Retail earnings season is in full swing and 3 big retailers are reporting earnings tomorrow: Movado, Tiffany and DSW.  I’m bullish on all 3.  In full disclosure I bought all 3 ahead of their earnings announcements last quarter and profited from each.  I’m aiming for a repeat tomorrow.


Movado is a jewelry retailer, mostly known for watches.  You may be noticing a theme on the blog but I really believe the retail growth stories are in luxury right now.  This isn’t just representative of the US, but especially due to growing taste for luxury goods and spending in China.  Movado is also benefiting from its branding relationships with other retailers such as Tommy Hilfiger.  According to analyst polls Movado’s earnings are expected to post a 30% gain over last year to 87 cents a share and revenue is expected to increase 15% to $184 million.  Last quarter Movado beat earnings and shares were up over 10% in they day earnings were announced.  Since then shares have jumped another $5, up to $47 today.


Tifanny is another high end jeweler benefiting from sales in Europe and Asia.  It’s also benefiting from a new design director who is expected to focus on more “high-fashion” jewelry.  Another promising note is that the company showed that it was able to implement price increases last quarter and establish wider gross margins.  Analysts expect earnings to be 15 percent higher than a year ago, to $0.58 per share and revenues for the quarter are predicted to have risen more than four percent year-over-year to $889.51 million. 

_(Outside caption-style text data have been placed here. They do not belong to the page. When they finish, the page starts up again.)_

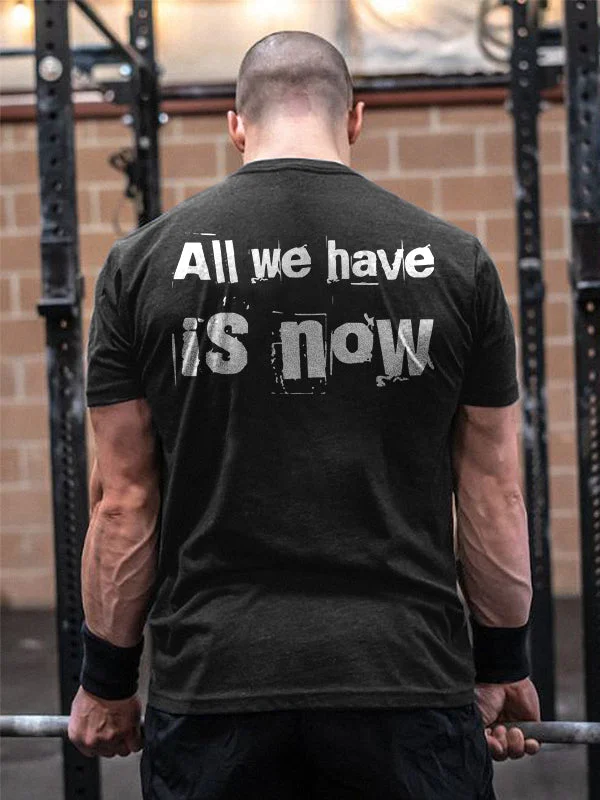 All We Have Is Now Letter Print Men's  T-Shirt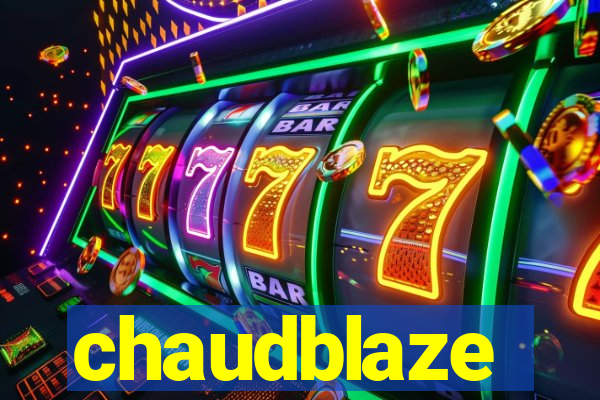 chaudblaze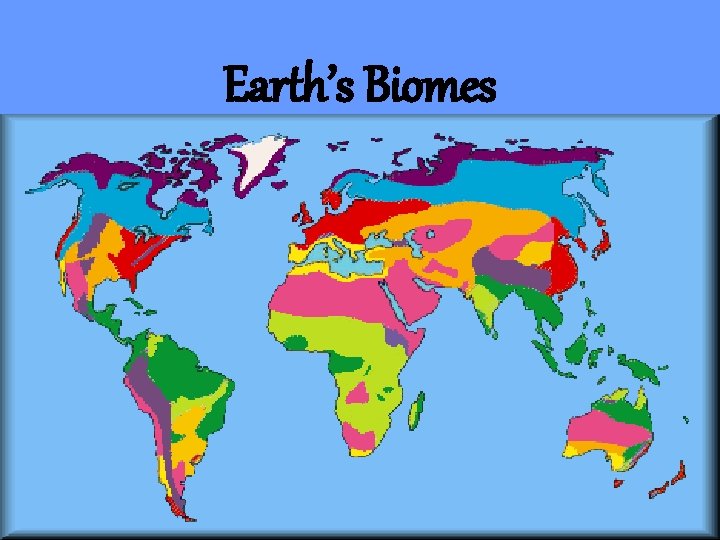 Earth’s Biomes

DSW is a shoe retailer that stocks both high and low end discounted shoes and bags.  Analysts estimate revenue of $658 million, at a 9% growth from last year, and earnings per share of $0.48, up 14% from last year. DSW has beat estimates in four of the past five quarters and misses were narrow.  Plus, retailers that sell similar footwear, such as Macy’s, had strong earnings announcements this quarter.

One important note for DSW is that they implemented a stock split since the last earnings announcement (each share of stock becomes 2 shares, and the price of each share is halved).  The company will report third-quarter results and its comparable results from last year on a split-adjusted basis.